The U.S. Federal Reserve is considering a delay in implementation of the Volcker Rule limiting banks’ proprietary trading amid concerns that banks will suffer losses if they have to dump private equity investments by the current July 2015 deadline.
The Volcker Rule, one of the more controversial components of the Dodd-Frank reforms of Wall Street, restricts banks from investing in private equity as part of a ban on making market bets with their own capital.
According to Bloomberg, Wall Street has been lobbying to extend the compliance deadline to 2022, which would allow banks to avoid having to accept discount prices for their holdings.

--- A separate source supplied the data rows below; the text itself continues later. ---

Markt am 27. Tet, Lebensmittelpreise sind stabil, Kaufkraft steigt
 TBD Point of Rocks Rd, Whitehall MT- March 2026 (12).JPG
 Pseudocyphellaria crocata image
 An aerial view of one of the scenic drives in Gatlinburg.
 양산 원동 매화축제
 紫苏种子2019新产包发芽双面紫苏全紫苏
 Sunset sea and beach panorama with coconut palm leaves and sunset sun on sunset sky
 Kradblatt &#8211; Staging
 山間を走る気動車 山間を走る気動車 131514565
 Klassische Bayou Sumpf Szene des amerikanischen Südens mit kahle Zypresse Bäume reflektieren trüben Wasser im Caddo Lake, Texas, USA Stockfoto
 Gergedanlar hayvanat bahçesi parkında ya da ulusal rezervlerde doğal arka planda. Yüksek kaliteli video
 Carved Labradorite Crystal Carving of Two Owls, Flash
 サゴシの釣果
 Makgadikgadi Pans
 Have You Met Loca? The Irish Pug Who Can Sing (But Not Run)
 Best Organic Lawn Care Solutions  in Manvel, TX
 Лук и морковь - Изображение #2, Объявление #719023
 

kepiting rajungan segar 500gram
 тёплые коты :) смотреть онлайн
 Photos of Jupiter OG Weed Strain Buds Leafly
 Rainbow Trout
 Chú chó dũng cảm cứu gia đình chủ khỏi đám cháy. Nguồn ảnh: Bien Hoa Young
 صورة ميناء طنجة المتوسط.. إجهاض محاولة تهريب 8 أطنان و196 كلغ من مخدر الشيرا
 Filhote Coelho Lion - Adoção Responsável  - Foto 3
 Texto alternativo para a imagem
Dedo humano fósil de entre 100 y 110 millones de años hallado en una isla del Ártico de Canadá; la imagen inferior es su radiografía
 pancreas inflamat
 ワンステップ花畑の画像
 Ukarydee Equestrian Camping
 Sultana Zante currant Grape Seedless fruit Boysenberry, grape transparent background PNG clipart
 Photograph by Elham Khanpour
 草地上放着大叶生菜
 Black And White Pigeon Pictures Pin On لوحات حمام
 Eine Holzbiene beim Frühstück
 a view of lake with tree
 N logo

Goldman Sachs currently has $7 billion invested in private equity while Morgan Stanley has $2.5 billion.
“There’s considerable pressure the Fed is feeling in that they don’t want institutions to have a bloodbath trying to divest funds,” Kevin Petrasic, a partner at Paul Hastings LLP, told Bloomberg. “The Fed has been indicating flexibility.”
In a speech last week, Fed General Counsel Scott Alvarez said the central bank is considering whether to extend the Volcker Rule deadline and change “metrics” used in the regulation.
“Our greatest challenge for the next year is the Volcker rule,” he told the American Bar Association conference. “We are already seeing some things that we probably will change,” he added.
Bloomberg noted that the deadline “underscores the tension regulators face between enforcing rules meant to curb risk-taking and responding to banks’ complaints that many Dodd-Frank Act reforms aren’t workable. The Fed is deciding what to do after lawmakers lambasted it at congressional hearings last month for weak oversight of Wall Street.”
The banks’ private equity investments were made before the 2008 financial crisis. Acknowledging they would need time to divest holdings, Congress authorized the Fed to put off the deadline for several years.
Sen. Sherrod Brown, an Ohio Democrat who helped write Dodd-Frank, told Bloomberg it was time for banks to stop dragging their feet. Wall Street says it’s too complicated, even though “they made it that way,” he said.